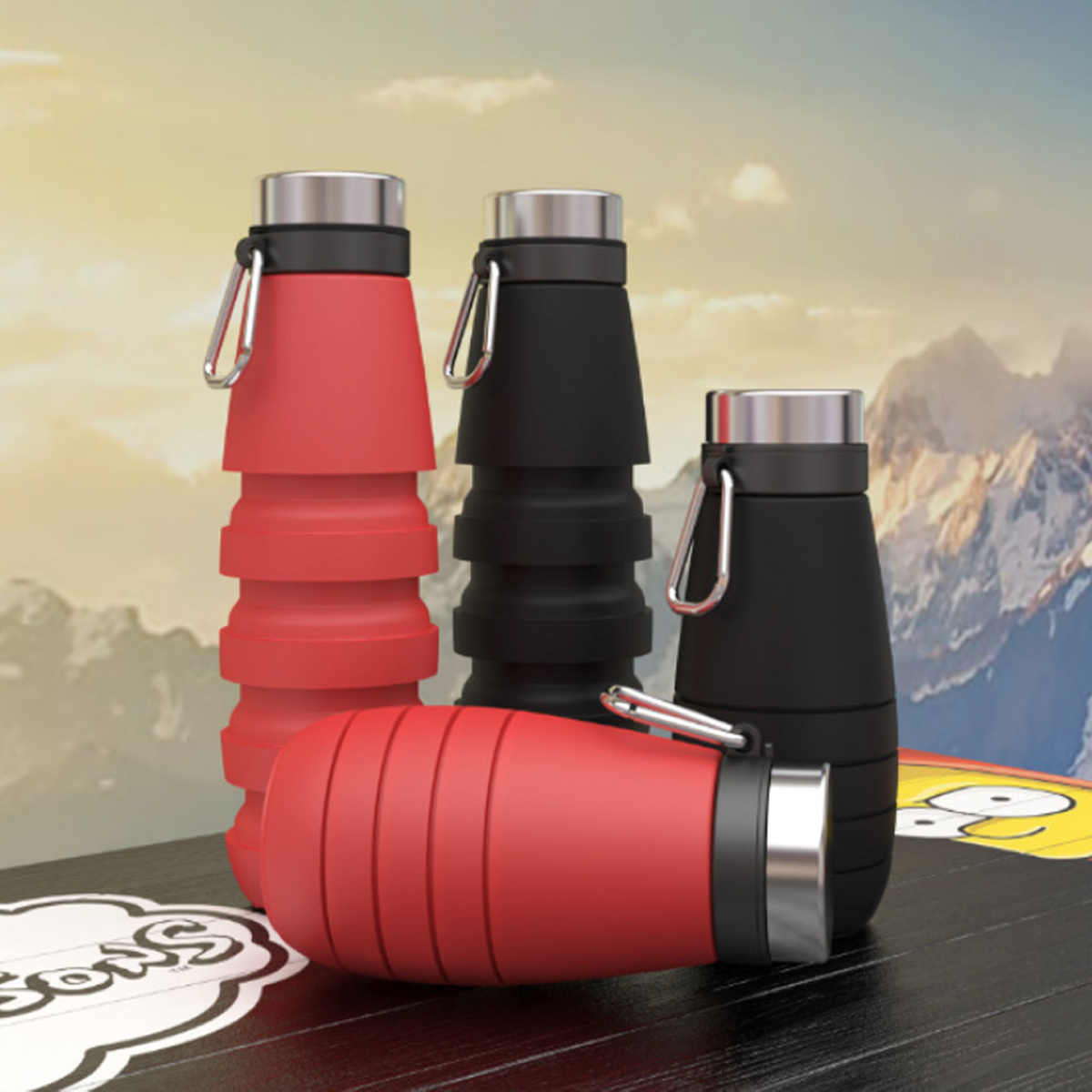 Collapsible Silicone Water Bottle (500ml)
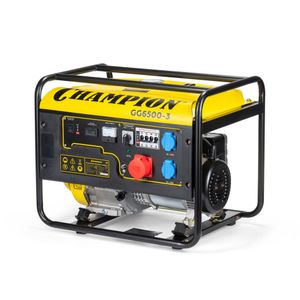 Бензиновый генератор CHAMPION GG6500-3 Бензиновый генератор ЧЕМПИОН GG6500-3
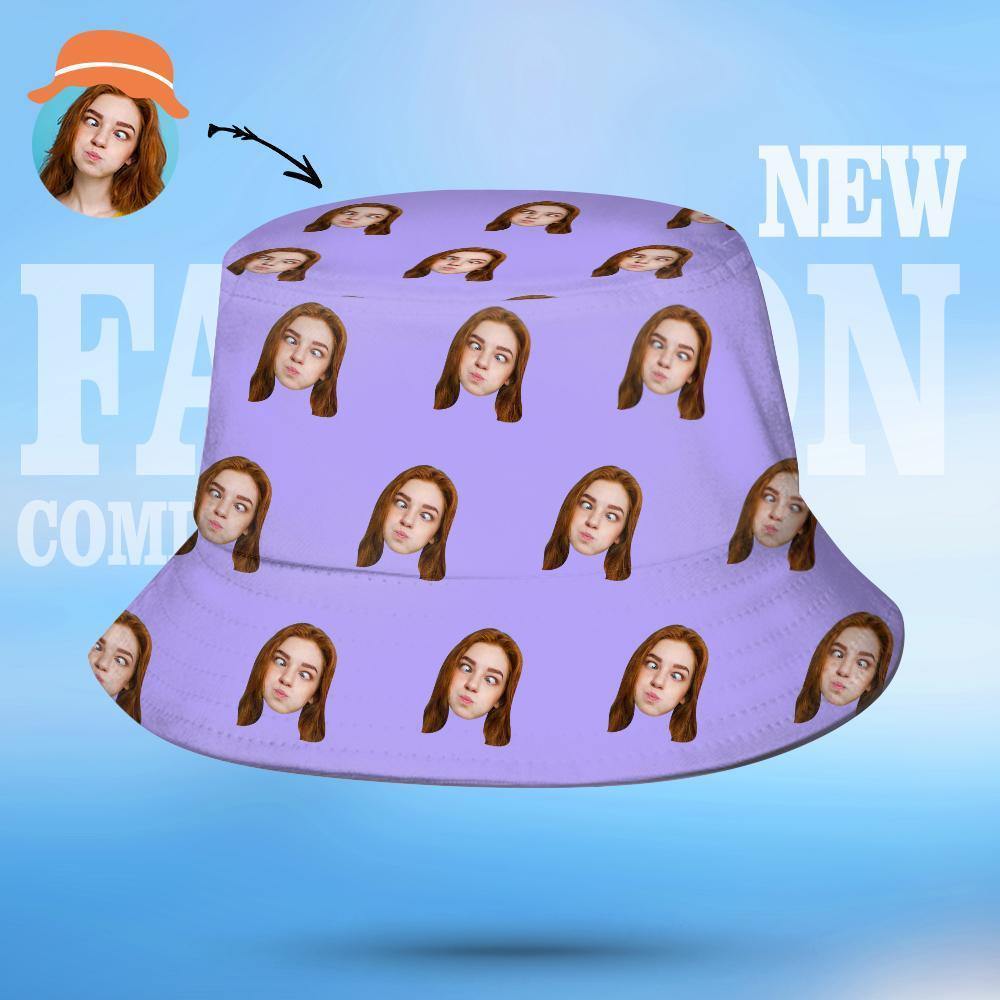 Custom Bucket Hat Print Bucket Hats Personalized Hat Face Gifts for Girlfriend - Giftlab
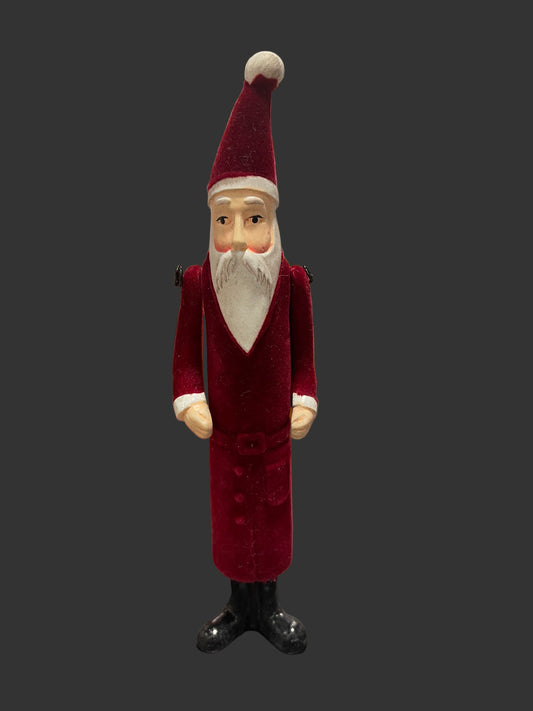 Tall Velvet Santa, Burgundy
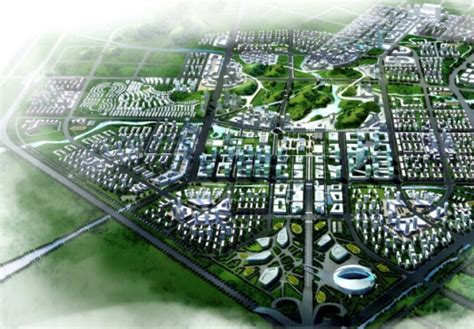 桂林市临桂新区中心区城市设计(137页)-规划设计资料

-=-=-=-=-

Return an exact transcription of the entries above, excluding each image.

 Collapsible Silicone Water Bottle (500ml)
 Бензиновый генератор CHAMPION GG6500-3 Бензиновый генератор ЧЕМПИОН GG6500-3
 Custom Bucket Hat Print Bucket Hats Personalized Hat Face Gifts for Girlfriend - Giftlab
 Tall Velvet Santa, Burgundy
 桂林市临桂新区中心区城市设计(137页)-规划设计资料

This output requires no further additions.